◆ Problem description: In the records below, find each line with the word "Image" and copy it.

◆ Supplied material:
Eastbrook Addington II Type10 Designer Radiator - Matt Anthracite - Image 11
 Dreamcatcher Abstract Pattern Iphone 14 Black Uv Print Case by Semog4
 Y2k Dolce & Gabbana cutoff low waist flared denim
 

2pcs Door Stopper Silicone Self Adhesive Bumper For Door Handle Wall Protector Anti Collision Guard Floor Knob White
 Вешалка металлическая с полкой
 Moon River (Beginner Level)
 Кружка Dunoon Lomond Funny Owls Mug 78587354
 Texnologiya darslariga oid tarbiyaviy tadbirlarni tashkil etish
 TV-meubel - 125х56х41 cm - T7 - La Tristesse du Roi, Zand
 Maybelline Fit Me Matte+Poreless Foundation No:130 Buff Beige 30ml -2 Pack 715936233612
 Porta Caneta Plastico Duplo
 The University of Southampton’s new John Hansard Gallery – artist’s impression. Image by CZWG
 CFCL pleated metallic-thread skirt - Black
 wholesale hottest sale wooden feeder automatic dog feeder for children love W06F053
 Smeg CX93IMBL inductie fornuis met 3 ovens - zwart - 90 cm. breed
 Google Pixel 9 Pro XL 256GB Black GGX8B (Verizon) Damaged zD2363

◆ Completed task:
Eastbrook Addington II Type10 Designer Radiator - Matt Anthracite - Image 11
 The University of Southampton’s new John Hansard Gallery – artist’s impression. Image by CZWG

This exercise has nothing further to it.